There are a few small errors to note. H. R. Fairclough is listed in two different places in the Horace bibliography (8). I found one Latin line that ended up on the translation page (Juvenal 6.194). There are a couple of translations that I would emend if I thought students were consulting them in a Latin class (e.g. Horace 1.9.70-71, nulla mihi … religio est, “Religion is nothing to me”). One translation, “dramas” for togatas at Juvenal 1.3, does not indicate that these plays were comedies in particular (nor does the note). The name “Winstedt” is misspelled (195). As for other possible drawbacks, I find the commentary to be somewhat uneven; for instance, there is a note explaining the expression “he left me under the knife” (Horace 1.9.73-74), which would not seem to require explanation, but no note referring to the Epicurean background of the “quote” at Persius 3.83-84 ( gigni / de nihilo nihilum, in nihilum nil posse reverti), which would be helpful.

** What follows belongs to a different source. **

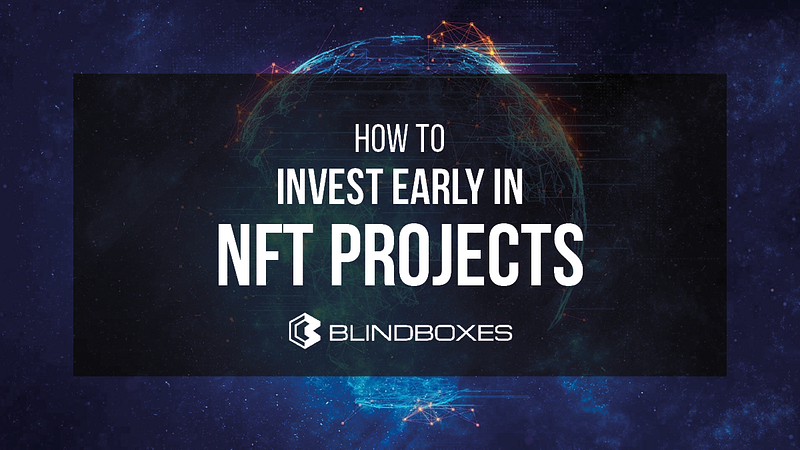 How to Find NFT Projects Early (2021)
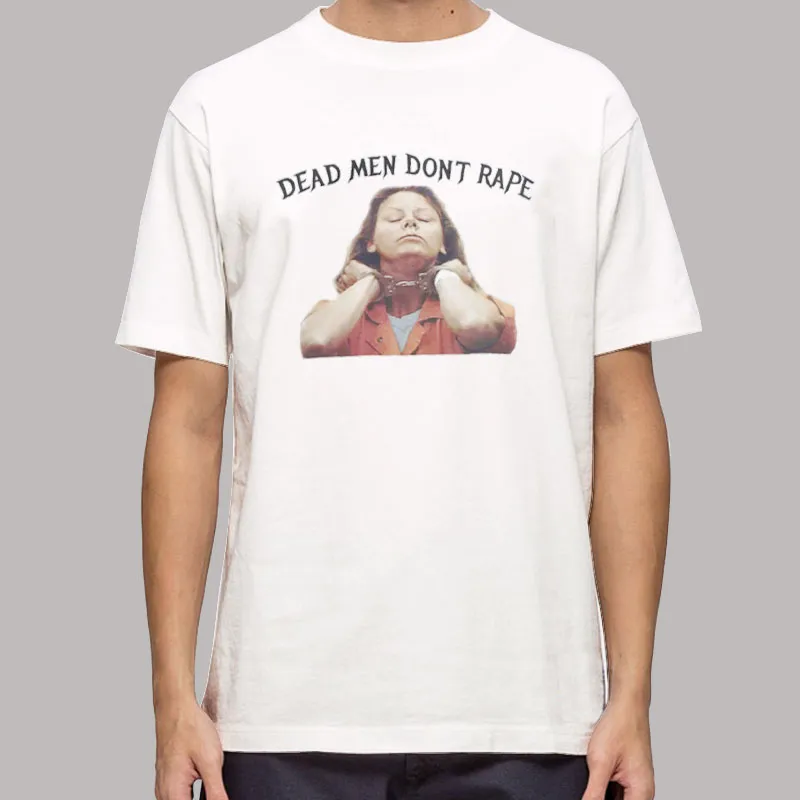 Dead Men Don't Rape Aileen Wuornos Shirt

I can envision a number of possible uses for this volume: in a Roman civilization course, in an undergraduate Latin class in which the students are also equipped with a philological commentary (or, alternatively, in which they are studying other satires in Latin, and reading these ones in translation only), or even in a graduate course in which students will go and find commentaries on their own (the Introduction with its bibliographies would be useful to graduate students studying for exams). Despite some drawbacks, this volume was an excellent idea that the authors must have enjoyed carrying out. It is attractive and not too expensive, and will provide students with an appropriate introduction to the colorful genre of satire.

Notes

1. Susanna Braund, Roman Verse Satire (Oxford, 1992) and The Roman Satirists and Their Masks (Bristol, 1996).